EXERCISE DESCRIPTION >>
Starting with the line that contains "Air Jordan 37" and stopping after the line that contains "Mercedes-Benz GLA-Class 2018", return each line below exactly as written, with no others.

RECORDED DATA >>
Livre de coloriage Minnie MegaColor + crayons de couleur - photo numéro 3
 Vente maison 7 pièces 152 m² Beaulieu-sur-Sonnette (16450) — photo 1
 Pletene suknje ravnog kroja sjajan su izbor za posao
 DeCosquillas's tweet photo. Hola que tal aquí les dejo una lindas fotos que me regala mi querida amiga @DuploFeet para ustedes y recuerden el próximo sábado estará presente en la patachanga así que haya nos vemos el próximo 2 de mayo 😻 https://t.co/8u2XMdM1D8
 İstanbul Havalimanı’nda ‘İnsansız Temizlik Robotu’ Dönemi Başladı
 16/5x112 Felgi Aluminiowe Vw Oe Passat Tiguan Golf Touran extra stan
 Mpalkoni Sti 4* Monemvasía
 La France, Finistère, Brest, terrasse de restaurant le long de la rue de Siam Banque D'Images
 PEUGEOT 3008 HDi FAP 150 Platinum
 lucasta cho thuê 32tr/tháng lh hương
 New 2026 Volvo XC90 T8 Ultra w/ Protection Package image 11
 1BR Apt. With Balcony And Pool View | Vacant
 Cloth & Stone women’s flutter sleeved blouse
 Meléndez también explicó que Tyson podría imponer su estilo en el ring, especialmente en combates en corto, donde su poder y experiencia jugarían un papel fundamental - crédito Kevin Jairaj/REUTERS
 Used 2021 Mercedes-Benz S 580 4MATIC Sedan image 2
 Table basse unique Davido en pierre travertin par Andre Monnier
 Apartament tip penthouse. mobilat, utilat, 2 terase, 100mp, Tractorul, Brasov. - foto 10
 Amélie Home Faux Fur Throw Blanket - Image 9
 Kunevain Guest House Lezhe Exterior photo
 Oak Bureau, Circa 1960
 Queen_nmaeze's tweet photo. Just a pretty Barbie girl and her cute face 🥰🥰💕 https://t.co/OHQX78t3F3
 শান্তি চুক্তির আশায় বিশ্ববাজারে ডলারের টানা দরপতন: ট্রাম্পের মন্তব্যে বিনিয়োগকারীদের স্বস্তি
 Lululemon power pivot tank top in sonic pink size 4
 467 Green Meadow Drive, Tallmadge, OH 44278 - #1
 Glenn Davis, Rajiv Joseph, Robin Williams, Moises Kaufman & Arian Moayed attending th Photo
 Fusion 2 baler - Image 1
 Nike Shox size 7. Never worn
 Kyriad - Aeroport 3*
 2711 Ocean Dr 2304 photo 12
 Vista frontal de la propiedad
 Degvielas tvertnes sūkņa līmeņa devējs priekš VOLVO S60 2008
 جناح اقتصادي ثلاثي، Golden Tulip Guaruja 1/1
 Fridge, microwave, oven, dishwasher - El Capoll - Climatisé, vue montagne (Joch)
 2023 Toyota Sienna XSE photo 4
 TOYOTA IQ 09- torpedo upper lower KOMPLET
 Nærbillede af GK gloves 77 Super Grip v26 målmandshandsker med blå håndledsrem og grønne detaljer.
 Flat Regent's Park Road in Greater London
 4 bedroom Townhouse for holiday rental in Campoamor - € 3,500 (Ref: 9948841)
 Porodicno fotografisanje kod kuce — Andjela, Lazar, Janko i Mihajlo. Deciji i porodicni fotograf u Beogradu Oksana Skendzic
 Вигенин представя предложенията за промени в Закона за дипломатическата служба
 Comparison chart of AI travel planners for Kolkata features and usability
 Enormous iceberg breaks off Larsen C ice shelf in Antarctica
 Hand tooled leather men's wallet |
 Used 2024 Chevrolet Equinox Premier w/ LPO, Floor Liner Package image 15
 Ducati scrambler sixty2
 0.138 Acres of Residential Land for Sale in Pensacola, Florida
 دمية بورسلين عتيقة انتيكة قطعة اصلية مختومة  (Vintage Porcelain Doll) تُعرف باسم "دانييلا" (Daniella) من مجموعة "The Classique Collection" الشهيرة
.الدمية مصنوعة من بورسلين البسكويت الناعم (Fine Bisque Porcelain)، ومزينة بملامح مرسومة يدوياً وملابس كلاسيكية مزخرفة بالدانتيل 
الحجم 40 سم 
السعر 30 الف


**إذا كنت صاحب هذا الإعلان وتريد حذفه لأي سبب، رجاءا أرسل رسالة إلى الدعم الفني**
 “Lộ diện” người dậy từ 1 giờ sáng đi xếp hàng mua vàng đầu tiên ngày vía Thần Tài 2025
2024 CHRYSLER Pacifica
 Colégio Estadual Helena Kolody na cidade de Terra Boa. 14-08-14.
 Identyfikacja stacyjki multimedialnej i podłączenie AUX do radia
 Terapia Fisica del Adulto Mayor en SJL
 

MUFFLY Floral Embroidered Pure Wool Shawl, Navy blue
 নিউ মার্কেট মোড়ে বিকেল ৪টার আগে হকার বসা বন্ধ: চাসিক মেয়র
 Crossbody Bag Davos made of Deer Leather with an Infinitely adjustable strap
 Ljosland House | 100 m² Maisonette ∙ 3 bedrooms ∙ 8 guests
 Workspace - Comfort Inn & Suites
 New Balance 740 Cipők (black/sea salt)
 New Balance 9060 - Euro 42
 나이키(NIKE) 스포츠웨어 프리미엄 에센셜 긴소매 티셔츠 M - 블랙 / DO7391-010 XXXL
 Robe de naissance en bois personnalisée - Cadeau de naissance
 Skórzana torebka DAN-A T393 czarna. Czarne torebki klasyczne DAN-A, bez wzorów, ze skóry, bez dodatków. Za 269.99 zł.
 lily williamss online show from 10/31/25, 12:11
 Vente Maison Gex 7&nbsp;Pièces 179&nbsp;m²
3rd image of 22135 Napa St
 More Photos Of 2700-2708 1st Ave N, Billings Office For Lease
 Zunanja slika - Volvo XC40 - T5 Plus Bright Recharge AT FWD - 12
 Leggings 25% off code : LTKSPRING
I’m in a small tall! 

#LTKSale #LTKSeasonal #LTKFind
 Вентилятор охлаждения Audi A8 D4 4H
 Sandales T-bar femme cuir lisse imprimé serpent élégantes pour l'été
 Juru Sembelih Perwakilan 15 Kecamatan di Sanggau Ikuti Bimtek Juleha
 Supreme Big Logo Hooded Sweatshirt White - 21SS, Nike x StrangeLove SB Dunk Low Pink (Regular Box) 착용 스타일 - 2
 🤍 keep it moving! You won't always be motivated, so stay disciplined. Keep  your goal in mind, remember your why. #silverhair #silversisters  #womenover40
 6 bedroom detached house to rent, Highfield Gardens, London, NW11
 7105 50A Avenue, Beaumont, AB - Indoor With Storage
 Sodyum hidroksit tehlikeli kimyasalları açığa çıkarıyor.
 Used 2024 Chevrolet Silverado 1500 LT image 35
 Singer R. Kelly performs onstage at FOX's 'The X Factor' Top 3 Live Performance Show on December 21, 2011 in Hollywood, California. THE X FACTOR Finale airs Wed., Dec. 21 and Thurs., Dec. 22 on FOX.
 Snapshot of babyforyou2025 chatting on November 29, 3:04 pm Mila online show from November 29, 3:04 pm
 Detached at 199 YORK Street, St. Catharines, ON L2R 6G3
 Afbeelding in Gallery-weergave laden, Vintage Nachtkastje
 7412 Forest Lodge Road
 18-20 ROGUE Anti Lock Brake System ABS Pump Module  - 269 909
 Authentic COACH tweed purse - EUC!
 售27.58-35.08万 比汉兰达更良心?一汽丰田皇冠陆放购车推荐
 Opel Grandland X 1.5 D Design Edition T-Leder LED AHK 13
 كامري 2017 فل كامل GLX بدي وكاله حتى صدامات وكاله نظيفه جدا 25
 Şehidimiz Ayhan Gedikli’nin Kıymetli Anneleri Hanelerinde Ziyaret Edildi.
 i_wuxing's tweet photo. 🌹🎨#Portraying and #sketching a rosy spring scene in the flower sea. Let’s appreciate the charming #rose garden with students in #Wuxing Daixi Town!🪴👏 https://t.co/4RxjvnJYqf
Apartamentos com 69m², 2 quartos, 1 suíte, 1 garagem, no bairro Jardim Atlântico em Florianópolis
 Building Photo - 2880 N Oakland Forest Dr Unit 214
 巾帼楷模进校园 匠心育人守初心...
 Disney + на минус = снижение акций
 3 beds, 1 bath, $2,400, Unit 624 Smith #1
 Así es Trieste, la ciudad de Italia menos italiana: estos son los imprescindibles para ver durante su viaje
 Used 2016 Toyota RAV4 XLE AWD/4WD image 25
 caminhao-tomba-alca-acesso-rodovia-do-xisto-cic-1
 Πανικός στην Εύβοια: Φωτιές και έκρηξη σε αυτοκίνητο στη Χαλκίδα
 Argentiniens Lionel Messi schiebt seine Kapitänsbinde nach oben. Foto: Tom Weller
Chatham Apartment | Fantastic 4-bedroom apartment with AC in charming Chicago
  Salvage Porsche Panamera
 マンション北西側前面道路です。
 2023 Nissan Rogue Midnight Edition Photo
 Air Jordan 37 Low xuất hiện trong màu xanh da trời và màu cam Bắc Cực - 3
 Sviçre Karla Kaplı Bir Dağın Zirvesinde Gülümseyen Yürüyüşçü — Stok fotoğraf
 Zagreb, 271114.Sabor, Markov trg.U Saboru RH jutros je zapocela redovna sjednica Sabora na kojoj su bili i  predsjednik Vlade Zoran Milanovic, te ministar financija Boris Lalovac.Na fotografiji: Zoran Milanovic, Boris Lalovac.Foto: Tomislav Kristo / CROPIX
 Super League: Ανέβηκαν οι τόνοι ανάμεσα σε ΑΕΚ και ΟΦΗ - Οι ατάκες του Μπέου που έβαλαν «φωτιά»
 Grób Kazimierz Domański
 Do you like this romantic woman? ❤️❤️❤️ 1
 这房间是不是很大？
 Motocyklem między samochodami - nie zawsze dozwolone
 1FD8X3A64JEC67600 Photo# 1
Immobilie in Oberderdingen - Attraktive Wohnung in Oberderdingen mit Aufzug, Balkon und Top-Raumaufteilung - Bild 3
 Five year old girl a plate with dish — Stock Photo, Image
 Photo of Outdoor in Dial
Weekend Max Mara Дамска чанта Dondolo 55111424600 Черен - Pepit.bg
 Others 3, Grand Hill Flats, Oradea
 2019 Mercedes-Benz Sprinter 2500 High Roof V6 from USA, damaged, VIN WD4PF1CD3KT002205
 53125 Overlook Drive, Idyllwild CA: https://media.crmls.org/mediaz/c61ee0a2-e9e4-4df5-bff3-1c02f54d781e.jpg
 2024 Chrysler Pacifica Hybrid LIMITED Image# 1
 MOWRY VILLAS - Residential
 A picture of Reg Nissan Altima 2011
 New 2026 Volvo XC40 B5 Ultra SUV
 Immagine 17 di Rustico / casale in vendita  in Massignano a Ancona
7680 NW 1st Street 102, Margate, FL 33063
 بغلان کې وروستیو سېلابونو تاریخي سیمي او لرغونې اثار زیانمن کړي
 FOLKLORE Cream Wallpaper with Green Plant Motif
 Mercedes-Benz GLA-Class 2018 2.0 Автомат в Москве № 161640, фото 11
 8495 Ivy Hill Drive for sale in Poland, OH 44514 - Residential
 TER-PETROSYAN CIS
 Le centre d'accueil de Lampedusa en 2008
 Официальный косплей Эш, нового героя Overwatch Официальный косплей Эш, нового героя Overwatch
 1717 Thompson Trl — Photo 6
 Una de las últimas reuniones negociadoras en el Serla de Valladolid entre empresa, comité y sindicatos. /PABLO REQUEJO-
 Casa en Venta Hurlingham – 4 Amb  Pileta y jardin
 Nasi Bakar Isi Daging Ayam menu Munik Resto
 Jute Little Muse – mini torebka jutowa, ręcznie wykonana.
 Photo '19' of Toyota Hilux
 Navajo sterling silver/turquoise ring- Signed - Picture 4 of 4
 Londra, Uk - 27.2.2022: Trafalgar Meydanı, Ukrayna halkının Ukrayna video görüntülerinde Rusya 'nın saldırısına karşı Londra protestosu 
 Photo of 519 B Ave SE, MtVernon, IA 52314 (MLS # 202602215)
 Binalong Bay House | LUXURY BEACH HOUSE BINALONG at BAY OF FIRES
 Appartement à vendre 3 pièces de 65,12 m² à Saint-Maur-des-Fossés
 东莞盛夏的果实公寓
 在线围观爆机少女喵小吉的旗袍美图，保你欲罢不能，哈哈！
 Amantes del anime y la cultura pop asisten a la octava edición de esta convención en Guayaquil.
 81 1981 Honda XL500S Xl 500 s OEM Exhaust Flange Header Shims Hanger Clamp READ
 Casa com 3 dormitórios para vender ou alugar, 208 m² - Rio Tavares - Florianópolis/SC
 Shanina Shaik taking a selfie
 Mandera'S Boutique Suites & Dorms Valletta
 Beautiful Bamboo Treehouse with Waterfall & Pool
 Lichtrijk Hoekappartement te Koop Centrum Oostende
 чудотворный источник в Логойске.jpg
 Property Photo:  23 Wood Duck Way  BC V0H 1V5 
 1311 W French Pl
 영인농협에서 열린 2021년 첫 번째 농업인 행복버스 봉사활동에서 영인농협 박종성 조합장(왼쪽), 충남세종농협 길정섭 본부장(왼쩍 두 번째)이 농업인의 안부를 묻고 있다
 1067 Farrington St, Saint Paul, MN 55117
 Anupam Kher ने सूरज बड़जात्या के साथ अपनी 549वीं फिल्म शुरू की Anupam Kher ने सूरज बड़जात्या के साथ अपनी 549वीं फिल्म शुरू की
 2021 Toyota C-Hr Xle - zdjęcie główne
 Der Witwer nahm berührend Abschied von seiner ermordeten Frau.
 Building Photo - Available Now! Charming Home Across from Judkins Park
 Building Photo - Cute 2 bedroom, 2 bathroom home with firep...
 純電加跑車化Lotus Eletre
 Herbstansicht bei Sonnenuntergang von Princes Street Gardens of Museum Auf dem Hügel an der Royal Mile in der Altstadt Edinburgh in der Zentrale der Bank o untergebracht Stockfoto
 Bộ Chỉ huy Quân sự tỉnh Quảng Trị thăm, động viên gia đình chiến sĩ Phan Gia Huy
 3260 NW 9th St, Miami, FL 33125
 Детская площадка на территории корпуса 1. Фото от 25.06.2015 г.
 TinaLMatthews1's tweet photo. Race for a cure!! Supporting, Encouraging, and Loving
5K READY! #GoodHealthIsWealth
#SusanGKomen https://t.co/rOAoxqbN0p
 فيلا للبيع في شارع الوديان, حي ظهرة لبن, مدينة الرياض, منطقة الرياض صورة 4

TASK SOLUTION >>
 Air Jordan 37 Low xuất hiện trong màu xanh da trời và màu cam Bắc Cực - 3
 Sviçre Karla Kaplı Bir Dağın Zirvesinde Gülümseyen Yürüyüşçü — Stok fotoğraf
 Zagreb, 271114.Sabor, Markov trg.U Saboru RH jutros je zapocela redovna sjednica Sabora na kojoj su bili i  predsjednik Vlade Zoran Milanovic, te ministar financija Boris Lalovac.Na fotografiji: Zoran Milanovic, Boris Lalovac.Foto: Tomislav Kristo / CROPIX
 Super League: Ανέβηκαν οι τόνοι ανάμεσα σε ΑΕΚ και ΟΦΗ - Οι ατάκες του Μπέου που έβαλαν «φωτιά»
 Grób Kazimierz Domański
 Do you like this romantic woman? ❤️❤️❤️ 1
 这房间是不是很大？
 Motocyklem między samochodami - nie zawsze dozwolone
 1FD8X3A64JEC67600 Photo# 1
Immobilie in Oberderdingen - Attraktive Wohnung in Oberderdingen mit Aufzug, Balkon und Top-Raumaufteilung - Bild 3
 Five year old girl a plate with dish — Stock Photo, Image
 Photo of Outdoor in Dial
Weekend Max Mara Дамска чанта Dondolo 55111424600 Черен - Pepit.bg
 Others 3, Grand Hill Flats, Oradea
 2019 Mercedes-Benz Sprinter 2500 High Roof V6 from USA, damaged, VIN WD4PF1CD3KT002205
 53125 Overlook Drive, Idyllwild CA: https://media.crmls.org/mediaz/c61ee0a2-e9e4-4df5-bff3-1c02f54d781e.jpg
 2024 Chrysler Pacifica Hybrid LIMITED Image# 1
 MOWRY VILLAS - Residential
 A picture of Reg Nissan Altima 2011
 New 2026 Volvo XC40 B5 Ultra SUV
 Immagine 17 di Rustico / casale in vendita  in Massignano a Ancona
7680 NW 1st Street 102, Margate, FL 33063
 بغلان کې وروستیو سېلابونو تاریخي سیمي او لرغونې اثار زیانمن کړي
 FOLKLORE Cream Wallpaper with Green Plant Motif
 Mercedes-Benz GLA-Class 2018 2.0 Автомат в Москве № 161640, фото 11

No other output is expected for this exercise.